Exercise objective - Copy all the data exactly, except the pictures.

Source data -
= = = = = = =
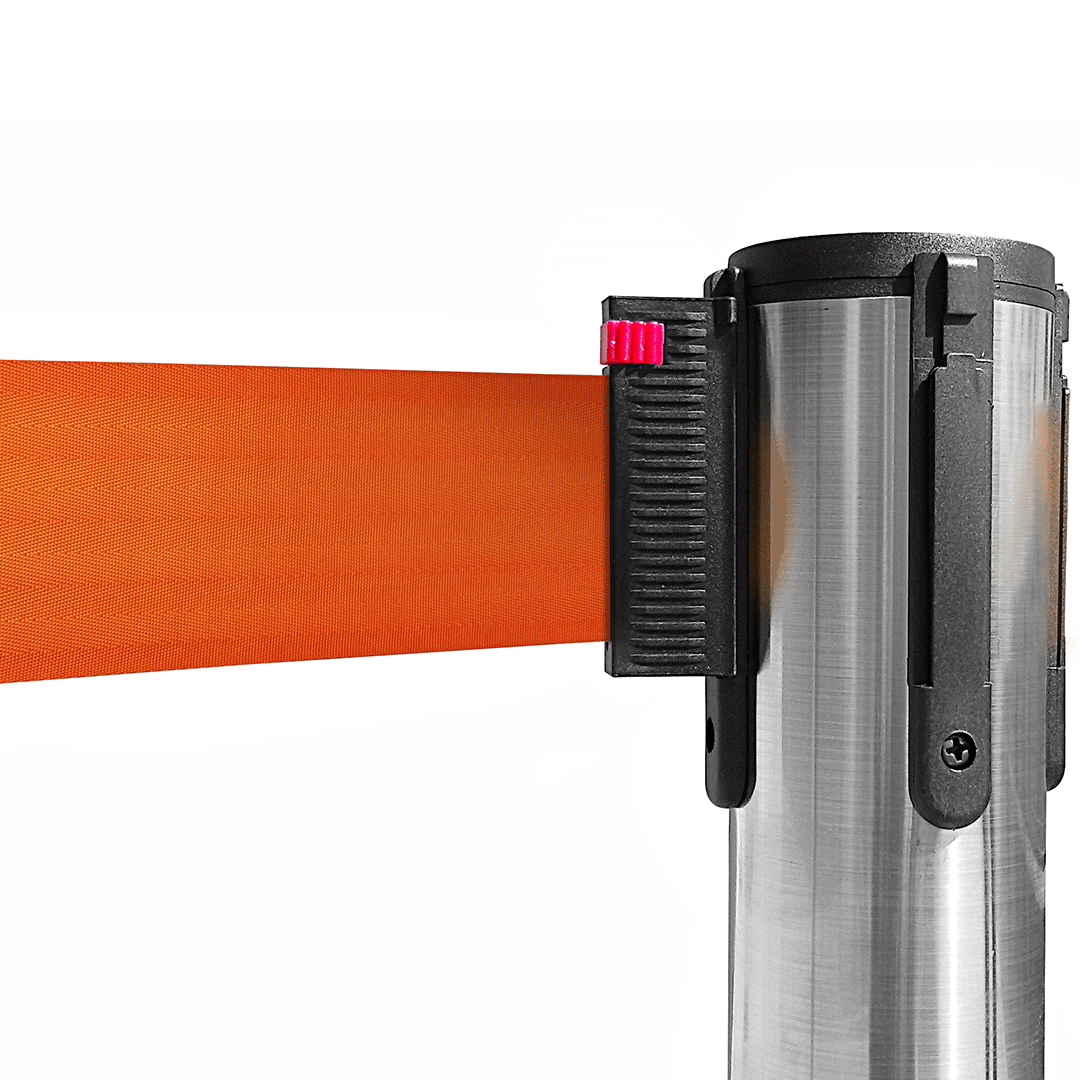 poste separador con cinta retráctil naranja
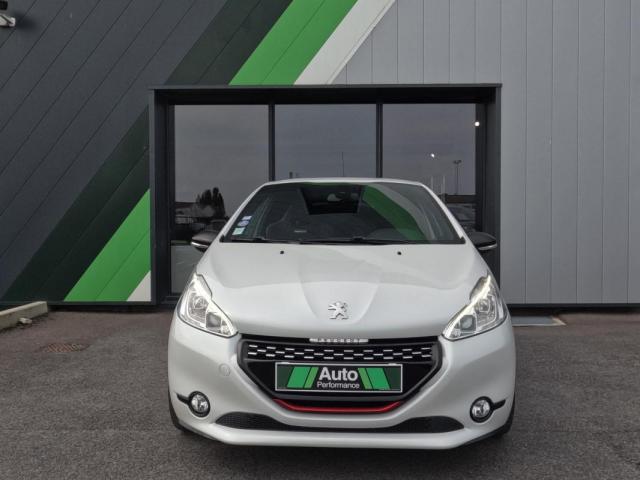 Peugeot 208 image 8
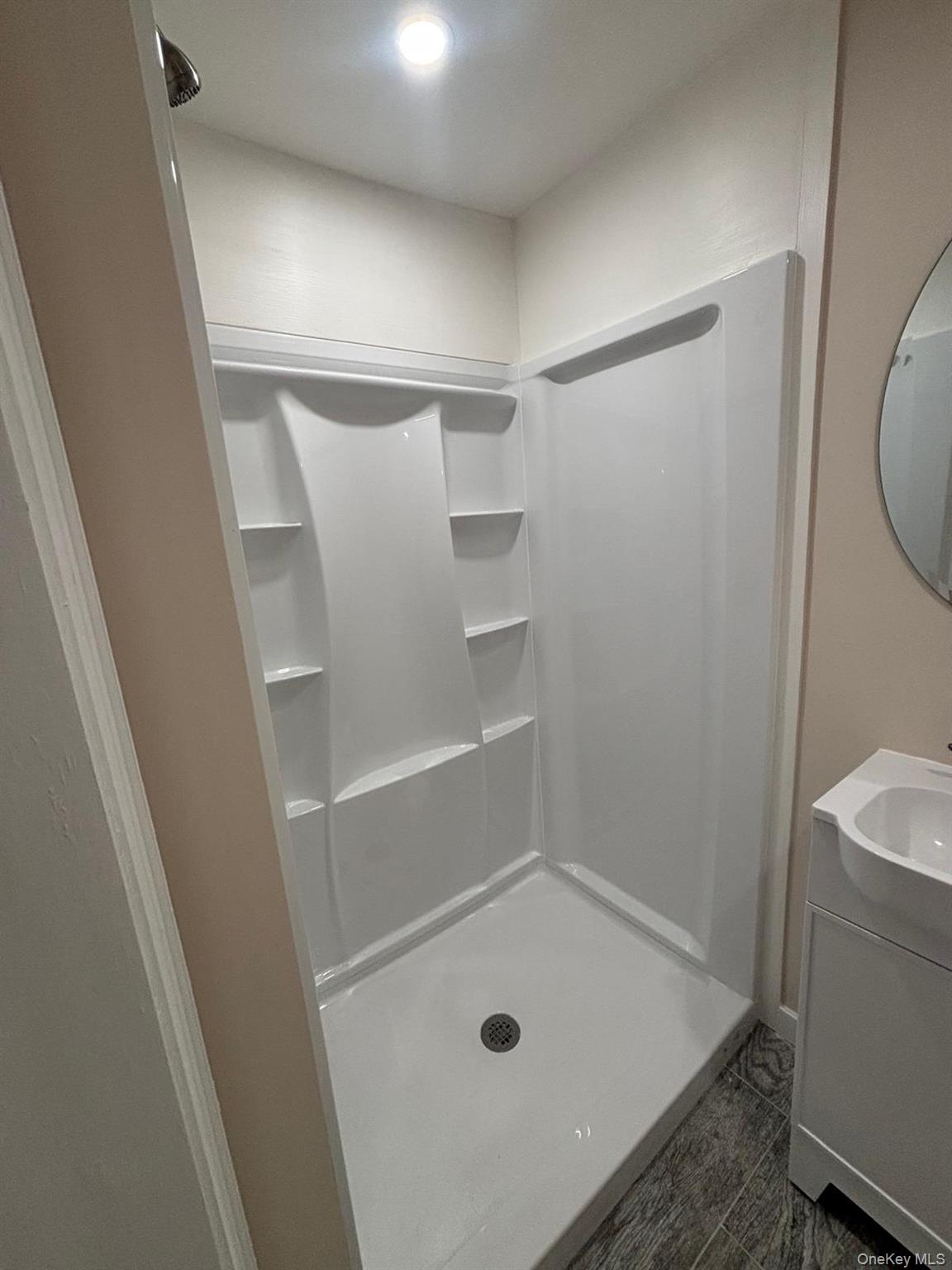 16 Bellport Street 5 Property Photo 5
= = = = = = =
Expected answer -
 poste separador con cinta retráctil naranja
 Peugeot 208 image 8
 16 Bellport Street 5 Property Photo 5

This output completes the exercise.